Among the positive attributes of GCC economic planning thus far are the twin principles of flexibility and pragmatism. The GCC economic model has been changed several times, as and when necessary, as a result of a rational assessment of the economy’s needs, and of the likely effectiveness of the various policy options. For example, the Bahraini economy transited from dependence upon pearl-trading, to the oil boom, to Islamic banking, and, most recently, to becoming a host for foreign direct investment. Even Saudi Arabia—which is criticized globally due to its economic and social conservatism—is currently seriously considering developing a non-religious tourism sector; further, it hopes to open its doors to foreign investment, to provide workers with residence permits, and many other policies reflecting unprecedented openness. 

In summary, in many GCC ministries, key decision-making posts have lately been opened to the new generation in an effort to make use of their abilities and outside-the-box thinking. However, despite GCC millennials’ talents, their western counterparts have exhibited a dangerous flaw in their thinking: a fondness for socialist/communist policies, which is primarily the result of their not seeing first-hand the disasters witnessed by the peoples of the USSR and Eastern Europe during the twentieth century. 
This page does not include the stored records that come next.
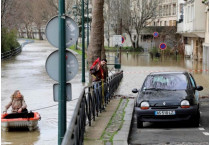 В Париже в результате сильных ливней улицы и метро ушли под воду 
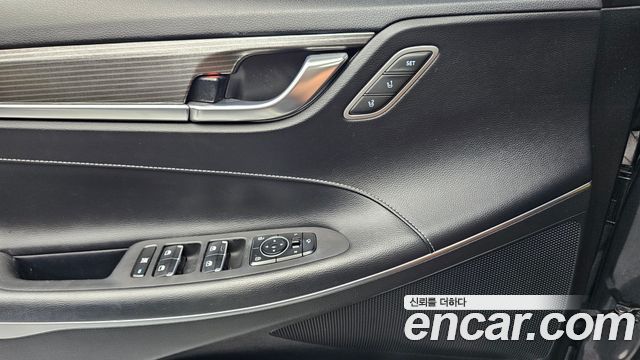 Hyundai Grandeur 2018 — photo 17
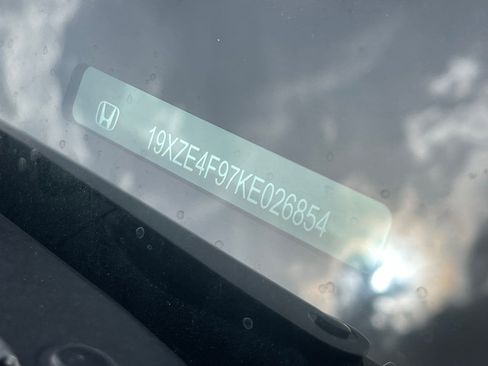 Used 2019 Honda Insight Touring image 13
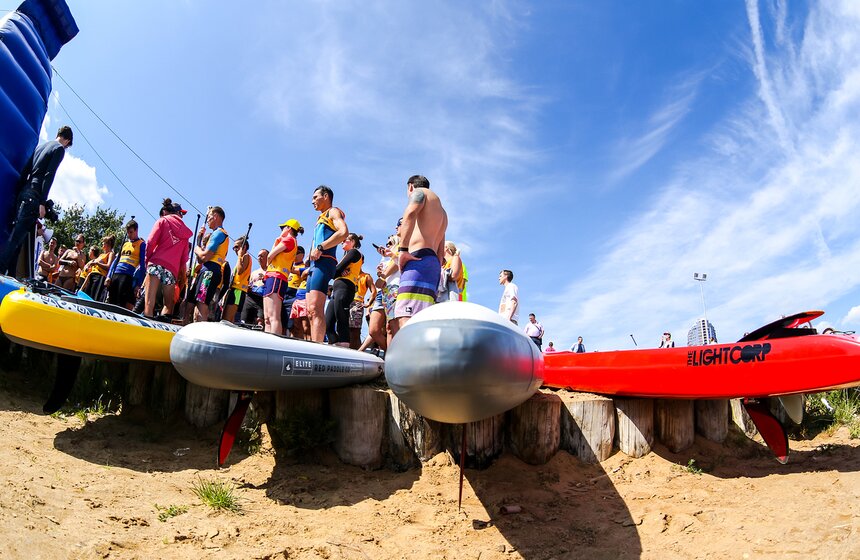 "Лови волну". В столице прошла гонка Strong Waves Tour по SUP-серфингу 2 фото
It is tragic to see ordinary Venezuelans subjected to the errors that humans committed in the aftermath of WW2. One hopes that the present crisis is enough to convince those seriously proposing socialist and communist policies that such programs are doomed to failure. George Orwell presciently warned us about this in Animal Farm: 

“Do not imagine, comrades, that leadership is a pleasure!… No one believes more firmly than Comrade Napoleon that all animals are equal. He would be only too happy to let you make your decisions for yourselves. But sometimes you might make the wrong decisions, comrades, and then where should we be?